I believe Gianluca Telloli (the Co-Op president, and my guide to the scaling vineyards of Morgex, La Salle & Arvier) summed the day up best as he looked at my ragged disposition by late afternoon: "Un giorno intenso!"

Before I begin my run down of the "intense" days events, feel free to browse this album. It has some handy captions :)


Morgex, La Salle & Arvier (Valle d'Aosta)


That picture above is how my day started as I exited my agroturismo in La Salle. Though it was absolutely breathtaking, it was also a little chilly, so I thought it best to dress for cool weather... bad idea!

After arriving at the Co-Op winery to meet Gianluca we were off to visit many of the small vinyards in both Morgex and La Salle to collect grape samples for testing at the lab later that afternoon. Similarly to Donnas, Caves du Vin Blanc de Morgex & La Salle is also a co-op winery as the area has many small vinyards that couldn't really support their own operation, so they all combine their grapes together and then pick someone (like Gianluca, and the previous day Mario Dalbard) to run the show. Later, at the lab, we would test the sugar grams, the pH and, well, I'm not really sure what the final test was... When everything's delivered in Italian you're bound to miss something!

By the time it reached 10am I was dripping with sweat under a blazing sun amidst rows of short pergolas in Morgex. Since the town of Morgex is at such a high altitude the grapes benefit from being closer to the ground so that during the cool nights they can be kept warm by the heat collected in the soil during the day. (This drastic temperature difference is also what helps keep the wines dry, crisp, and brightly acidic.)

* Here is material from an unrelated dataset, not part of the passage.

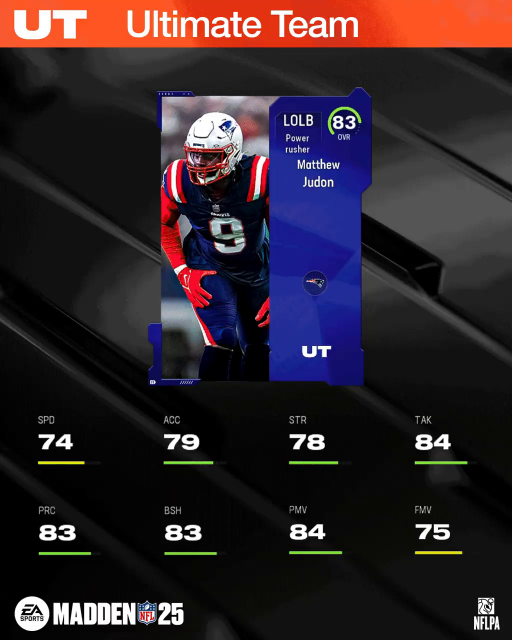 m25core-83mjudon-owhfohwoifeio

After observing tall pergolas the previous day (which one would obviously pick from below), I couln't help but wonder how one goes about picking grapes from these lower ones that hit around the waist. I also couldn't help but notice that most of the people who were working in these vinyards were short and stout... if that's not a case of survival of the fittest, then I don't know what is!

After Morgex we headed into La Salle, which is when things started to get a little steeper - especially towards the top. The vines actually reached even higher in La Salle than Morgex - check it!

From Morgex, La Salle & Arvier (Valle d'Aosta)


However, neither of these towns vineyards would prepare me for what I would face that afternoon in Arvier. Gianluca named his Arvier wines L'Enfer d'Arvier which translates to "the hell/inferno" of Arvier. Let me tell you, it's not just the heat that lent these vineyards their name - though that was pretty unbearable, too. The higher we climbed the more I had to utilize my hands to cling to the ground - which wasn't such a far reach as it was becoming increasingly more vertical. In the album there is a picture of old vineyards that were abandoned over time - I can completely understand why! How one could work these vineyards, much less haul the grapes down without overturning the bins completely escapes me. The monorail system in Donnas could DEFINITELY be of some help.
  • To my friends and colleagues at dell'anima (read:Clinton): I hope you all take this to heart as you sell bottle after bottle of Enfer d'Arvier wines. By no means should you stop - the poor souls who torture themselves by keeping these vines deserve a hearty return for their masocistic efforts. But please know the toil and effort that go into this wine even existing!

Much to my dismay, when we reached (what seemed to be) the top of the vineyards we kept right on climbing - Gianluca wanted to show me something he seemed really excited about. What turned into a 40 minute hike would have been totally fine if I had been prepared, but I was totally unprepared and desperately craving some water. All I could think was that whatever was waiting at the top of this mountain - a pot of gold, I hoped - had better be pretty damn exciting to warrent this spurr-of-the-moment mountail hike. At one point Gianluca asked me (after watching me pant, no doubt), if I worked out. My answer: "No. Lavoro in piedi." (No. I work on my feet.) Maybe that's a lame excuse to the rest of the healthy, fit, sport playing world, but I promise you that the majority of these people don't stand a good 12 hours a day.

In the end there was no pot of gold, but instead a very cool little cantina atop a mountain that dated back to medieval times. Gianluca mentioned trying to re-open it to the public... to that I suggest implementing a gondola system. He made up for it, though, by dropping me off at a spa at the end of the day where I spent an hour wading in natural spring pools then a good 20 minutes in some waterfall massage room. Not my typical place, but very much appreciated after a long day of steep mountains and Italian comprehension!